Quel dì, di fronte alla mia panchina si sedette un signore.
Indossava un impermeabile beige e uno stupido cappello. Restò immobile a fissarmi, io mi irrigidii, ma poi lui accese le guance, addolcì i lineamenti e iniziò un vero e proprio dialogo usando solo le sopracciglia! Rimasi allibita dalla sua allegra sintassi!
Corsi a casa per raccontarlo al nonno, a chiedergli se fosse un suo amico e lui esangue mi accarezzò: “Oh felicità! Hai incontrato colui che gioca! Seguilo e vedrai che tutto sarà possibile!”.
Rincontrarlo non fu facile. Avvenne ad un corso di teatro.
Dinamite A, l’insegnante, ci portò a girovagare nel nostro immaginario … e fu così che lui riapparve, vestito allo stesso modo, con quella pipa e il suo portamento indeciso e goffo … e, come quando mio nonno mi portò nel seminterrato, mi confermò quanto può essere magico il mondo …
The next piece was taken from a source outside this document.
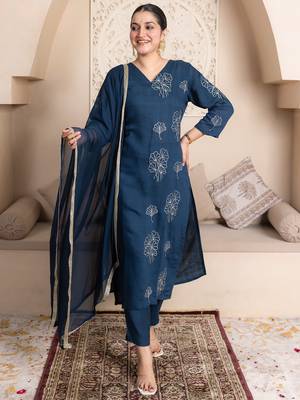 Teal women kurta pant dupatta set 1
“Quel marchingegno mirabolante piantava curiosità”. Così mi disse la nonna una mattina, mentre scriveva l’epigrafe del suo amato marito sul vetro appannato delle sue giornate:


Ho vissuto una vita bellissima.

Racconto di Paolo Negri, illustrazione di Eugenio Broggi
Tratto da “22 Arcani circensi, freaks e simili”, Il Cavedio (2022)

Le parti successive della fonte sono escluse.